O Futebol é a Igreja Católica do Desporto

Atualizado: 19 de jan. de 2022

São primos de 2º grau e confundidos por muitos. A Igreja e o Futebol representam aqueles parentes que chegam forçosamente atrasados aos jantares de Natal. Traços semelhantes? Conservadorismo e preconceito, não fossem eles da família d’Os Três F – Futebol, Fátima e Ferrugento. Ao longo da sua existência, foram utilizados como instrumentos de opressão e manipulação por ditaduras desumanas.

Foto: Twitter Premier League

Caminhamos para o centenário do campeonato nacional de futebol e, até hoje, nunca houve um jogador profissional a assumir a homossexualidade. Nem mesmo depois de abandonar o campo. Na ótica mundial, o cenário é bastante similar, mas já se despontam algumas saídas do armário.


“Sou futebolista e sou gay”. Foi assim que o jogador do Adelaide United, Josh Cavallo, marcou aquele que foi (talvez) um dos golos mais importantes da história do futebol ao tornar-se no primeiro profissional ativo a assumir-se homossexual.

No testemunho histórico, que emocionou o mundo, o futebolista australiano vincou as dificuldades em manter escondida a orientação sexual para se inserir no estereótipo do futebol, temendo um impacto negativo na carreira. Apenas este ano, foi dado o pontapé de saída para a normalização da homossexualidade. Serão raros os casos ou uma questão de medo de não serem aceites na modalidade?


A resposta encontra-se facilmente nos comentários das publicações feitas pelos media relativas ao jogador australiano. A um “enter” de distância, multiplicaram-se intervenções pejorativas, injúrias e depreciações. “Isso é nojento e não tem respeito pela natureza humana”, “Deus criou Adão e Eva e não Adão e Steve” foram alguns dos exemplos.


Contudo, a discriminação trespassa as barreiras do online e contamina o estádio. Os fãs, infetados com doses colossais de ódio, repudiam qualquer iniciativa pró-LGBT+, como é o caso da campanha “Rainbow Laces”. Promovida pela Premier League, trata-se de, durante alguns jogos, os atletas utilizarem braçadeiras de capitão com as cores LGBT+. Também em junho deste ano, mês em que se celebra o “pride month”, a UEFA proibiu a arena de Munique de prestar uma homenagem e iluminar o estádio com as cores da bandeira LGBT+.
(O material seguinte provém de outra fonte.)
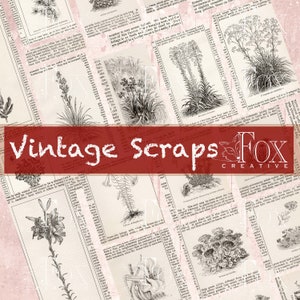 RITAGLIO VINTAGE - Digitali vintage 1885, Pezzi di collage per journaling, Effimeri per scrapbooking, Kit digitale DIGI20 39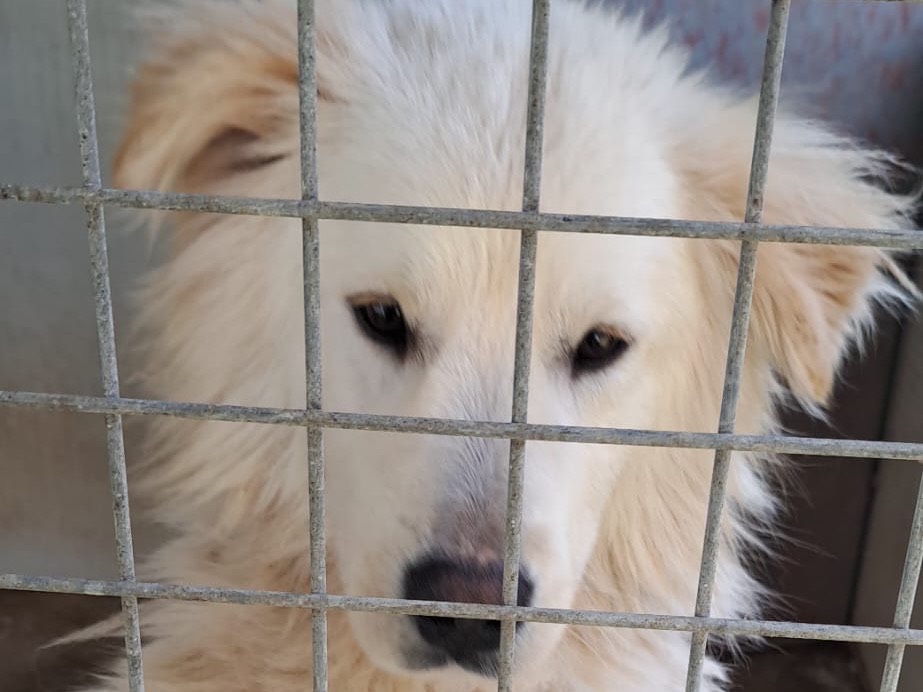 Vuoi adottare un cane a Vibo?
O desporto-rei carrega nas costas os preceitos tribais e rígidos de uma sociedade “masculinizada”. Aos olhos dos adeptos, a modalidade é sinónimo de virilidade. Com isto, a imagem de um jogador homossexual é incongruente num campo de futebol, como se existisse uma relação entre orientação sexual e ter ou não força física.

É um jogo de nobres, assistido por feras. As bancadas tornam-se palco de discursos insultuosos e ambientes parcamente inclusivos. É habitual más jogadas e más ações de determinado jogador espoletarem um grito ensurdecedor e unânime de ataques homofóbicos. Esta atitude estabelece um casamento forçado com a “masculinidade tóxica” dominante na generalidade dos balneários das equipas.

São várias as razões que influenciam a decisão de um futebolista em não se assumir ao público. Por trás de um denso manto de silêncio, refugiam-se inquietudes e medos, vidas duplas e tormentos múltiplos. É urgente reforçar as medidas de prevenção e proteção de futebolistas homossexuais. Cabe às grandes entidades do futebol jogar a favor dos direitos humanos, apostar em ações de sensibilização e tornar o desporto um meio inclusivo.

Para os homossexuais, o jogo começa muito antes do apito inicial, porque viver de forma clandestina é uma missão ingrata, penosa e sufocante. Josh Cavallo abraçou a igualdade num desporto que se mostra desigual, de diversas formas. Apesar do seu ato resiliente e corajoso, a homossexualidade e comportamentos discriminatórios continuam lado a lado no futebol. Desde os balneários às bancadas, ínfimos passos e ritmo lento caracterizam o longo caminho a percorrer.

A linha tênue entre Igreja Católica e Futebol perpassa as linhas do campo e fundamenta-se em discursos de ódio e preconceituosos. É hora de, no desporto-rei, assumir-se os pecados, “chutar para canto” a homofobia e reinar a integração, pois quando um jovem pousa as chuteiras por insegurança é uma derrota para o mundo do futebol. E eu pergunto: quantos futuros astros da bola já deixamos escapar?